Trends in birth, death, and migration are changing the absolute and relative size of young and old, rural and urban, and ethnic majority and minority populations within and among emerging and established powers. The populations of more than 50 countries will increase by more than a third (some more than two-thirds) by 2025. World population is projected to grow by about 1.2 billion between now and 2025 (from 6.8 billion to around 8 million). The largest increase will occur in India and China. The populations of US, Canada and other industrialized nations with relatively high immigration rates will continue to grow.

Aging World

The worlds population is aging at an unprecedented rate. Declining fertility and improved health and longevity have generated rising numbers and proportions of the older population in most of the world. In one sense, it represents a human success story of increased longevity. By 2020, roughly 60 million Americans, 1 in 6 will be over 65. The worlds population aged 80 and over is projected to increase 233% between 2008 and 2040, compared with 160% for the population over 65 and over and 33% for the total population of all ages.
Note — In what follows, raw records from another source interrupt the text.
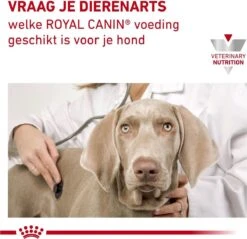 Royal Canin Urinary U/C Low Purine - Hondenvoer - 14 Kg -Huisdierbenodigdheden 1200x1161 18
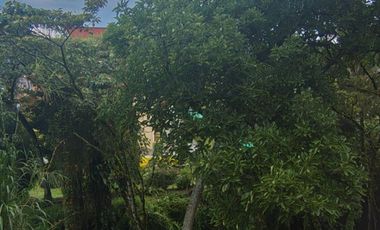 SE ARRIENDA  APARTAMENTO  RIONEGRO  ANTIOQUIA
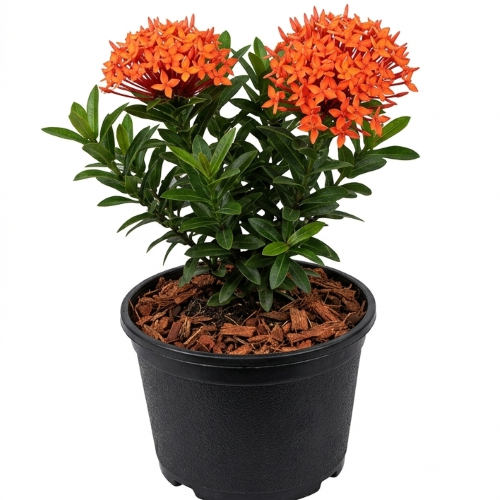 Healthy Rangan Flower Plant – Live Ixora Plant for Home & Garden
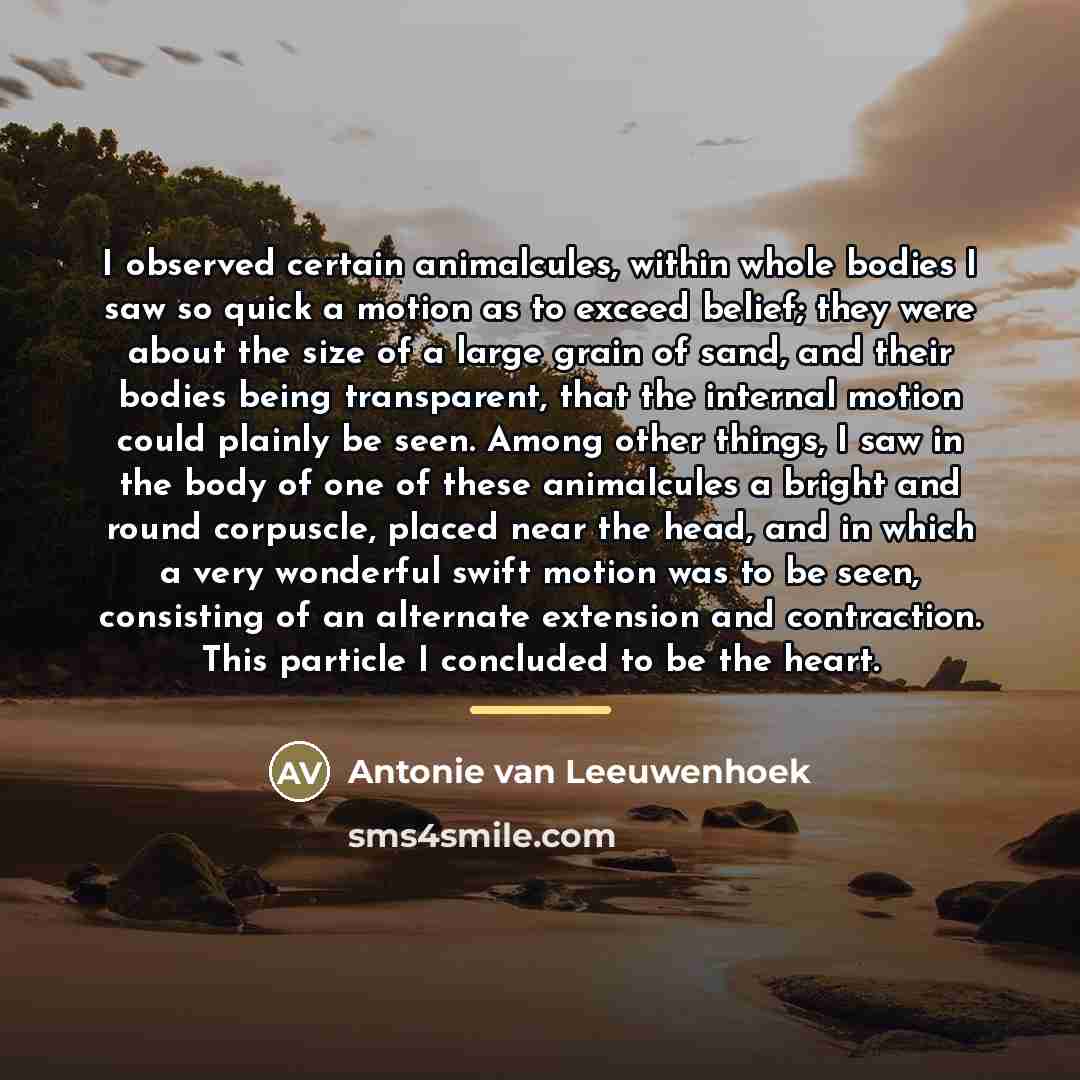“I observed certain animalcules, within whole bodies I saw so…” quote by Antonie van Leeuwenhoek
As people live longer and have fewer children, family structures will transform and care options in older age may change. Shrinking ratios of workers to pensioners and people spending a larger portion of their lives in retirement will increasingly tax health and pension systems.


The US lead in highly skilled labor will likely narrow as large developing countries, particularly China, begin to reap dividends on recent investments in human capital, including education but also nutrition and healthcare. A similar decline may be found in Europe, where despite a 5 percent increase in education funding as a proportion of GDP in most countries, few universities are rated as world class.

The academic profession will become more internationally oriented and mobile but will still be structured in accordance with national circumstances. Education spending in Arab countries is roughly on par with the rest of the world in absolute terms and surpasses the global mean as a percentage of GDP, however, UN data and research findings by other institutions suggest, that training and education of Middle Eastern youth is not driven by the needs of employers, or global demand.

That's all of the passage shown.